**Task**
The required answer is the run of lines from the one holding "Miraee Paris woven" to the end of the data below, copied exactly and free of pictures.

(Data extracted from a collection)
■ ■ ■ ■

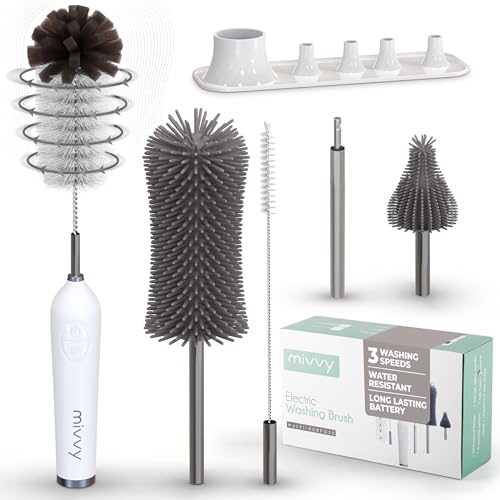 Image of Electric Bottle Brush With Stand, - 3 Speed Settings, Extension Bar, Nylon & Silicone Heads, Rechargeable Electric Baby Bottle Brush Cleaner With LED Indicator, 360° Rotating Bottle Brush Electric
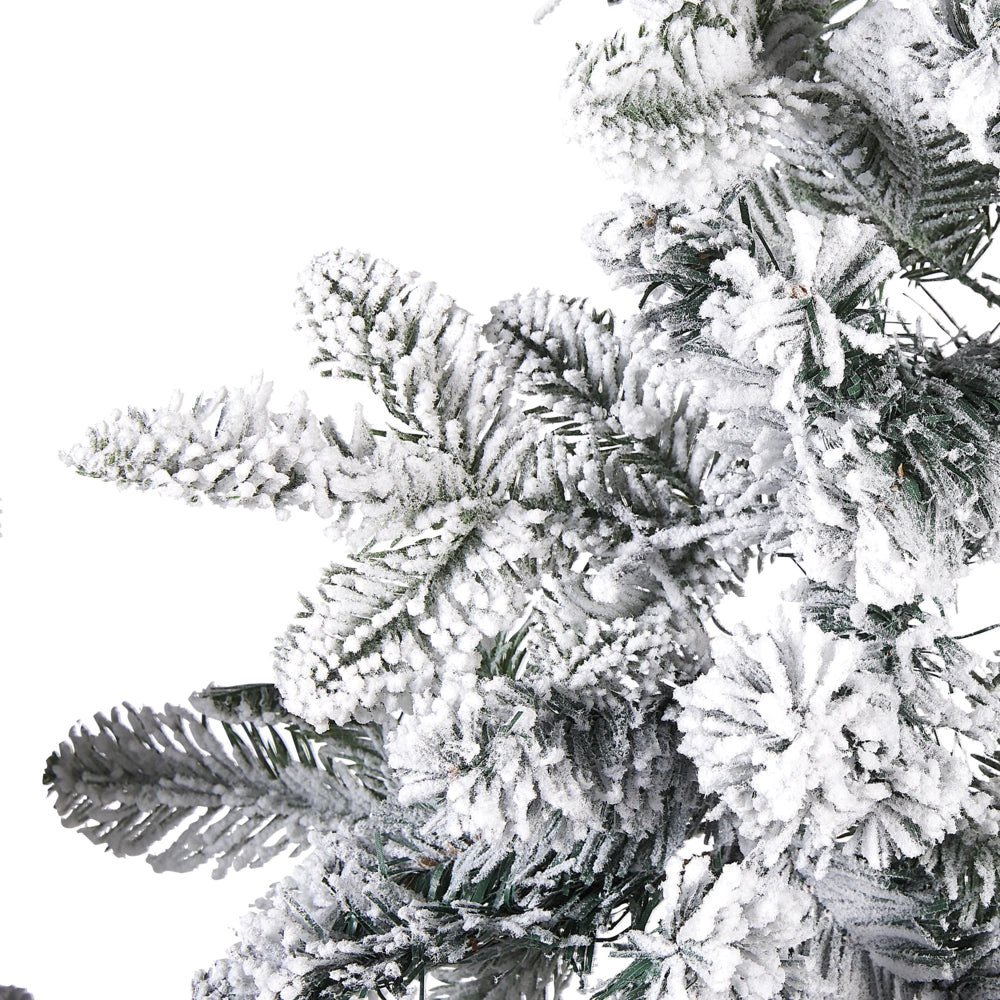 Festone Natalizio Artificiale con Luci LED 180 cm Innevata Decorazione da Parete Bianco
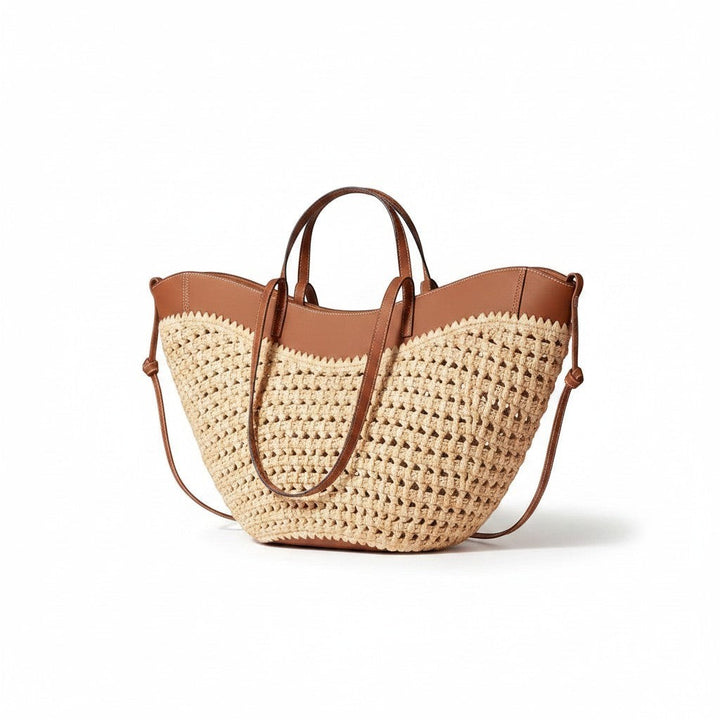 Miraee Paris woven shoulder bag in beige and brown with leather-look trim and comfortable carry handles.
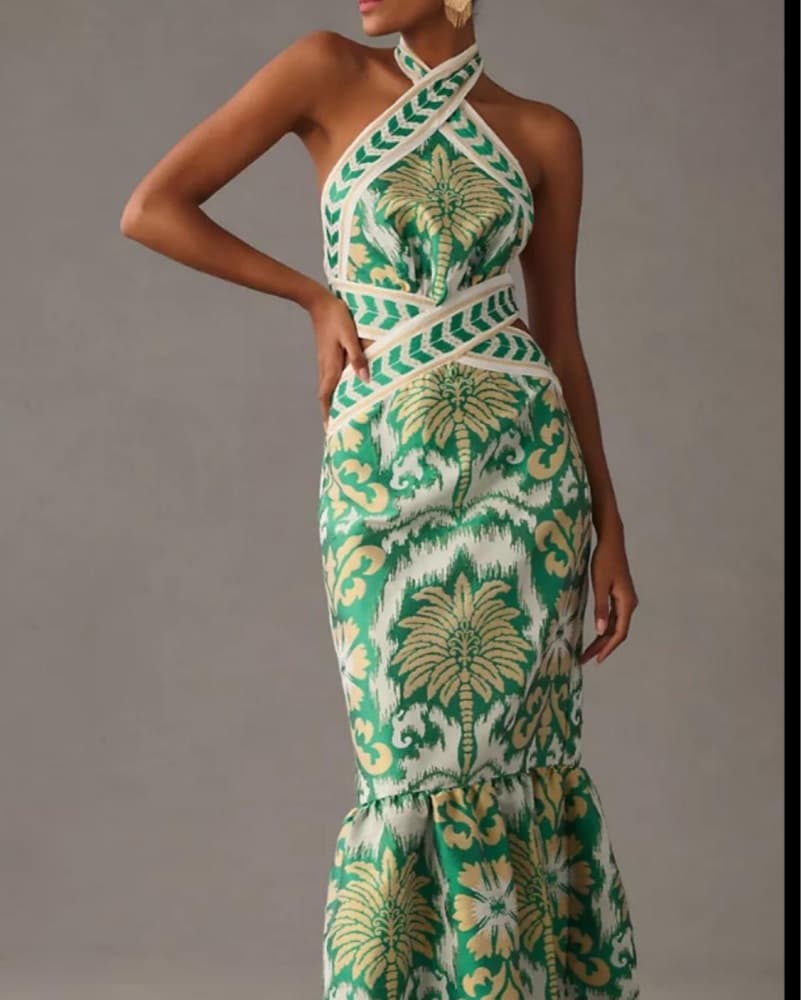 Lace the Labek Halter Tropical Dress  - Image 2
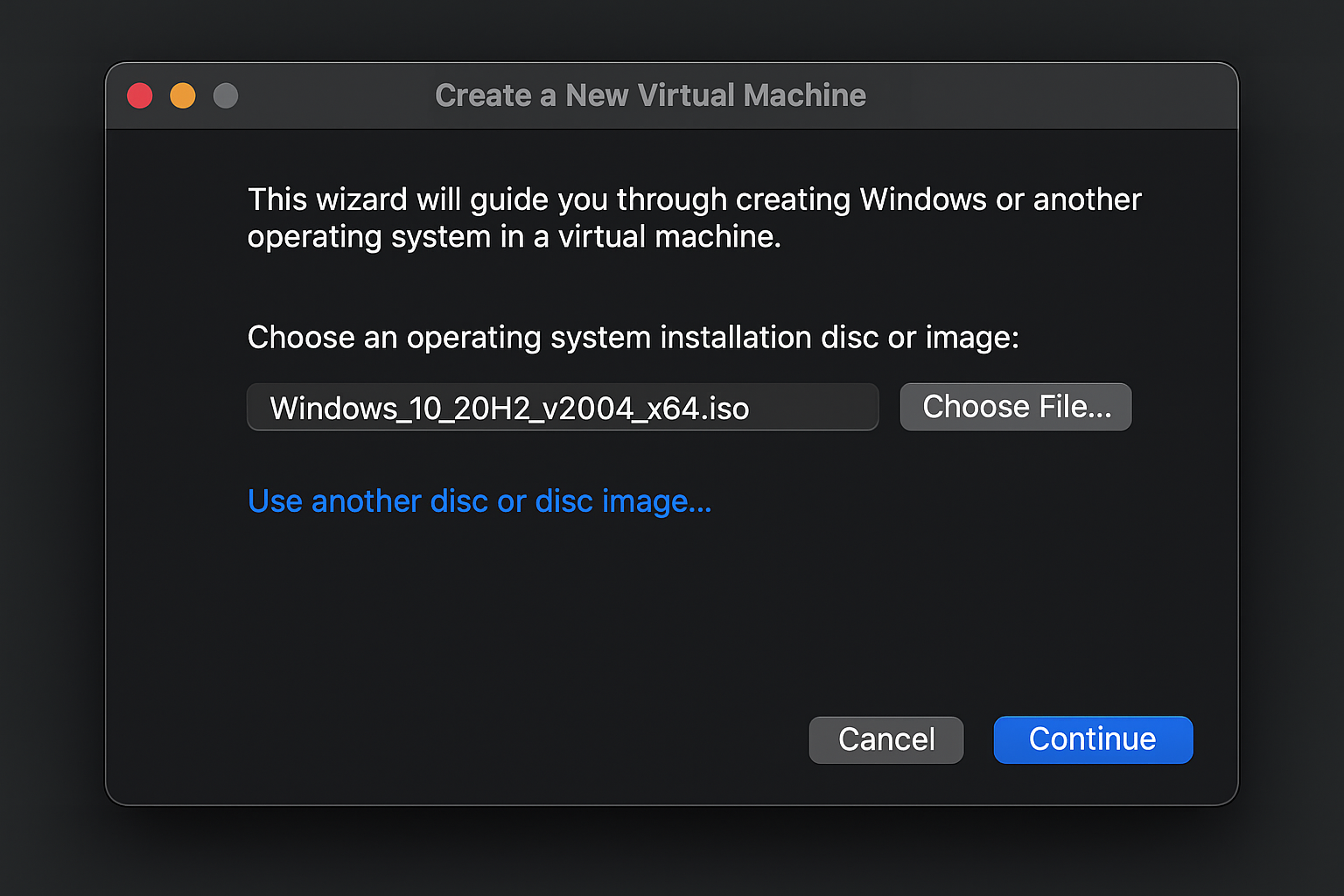 VMware Fusion main interface showing the + button and Create a Custom Virtual Machine option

■ ■ ■ ■

**Answer space**
 Miraee Paris woven shoulder bag in beige and brown with leather-look trim and comfortable carry handles.
 Lace the Labek Halter Tropical Dress  - Image 2
 VMware Fusion main interface showing the + button and Create a Custom Virtual Machine option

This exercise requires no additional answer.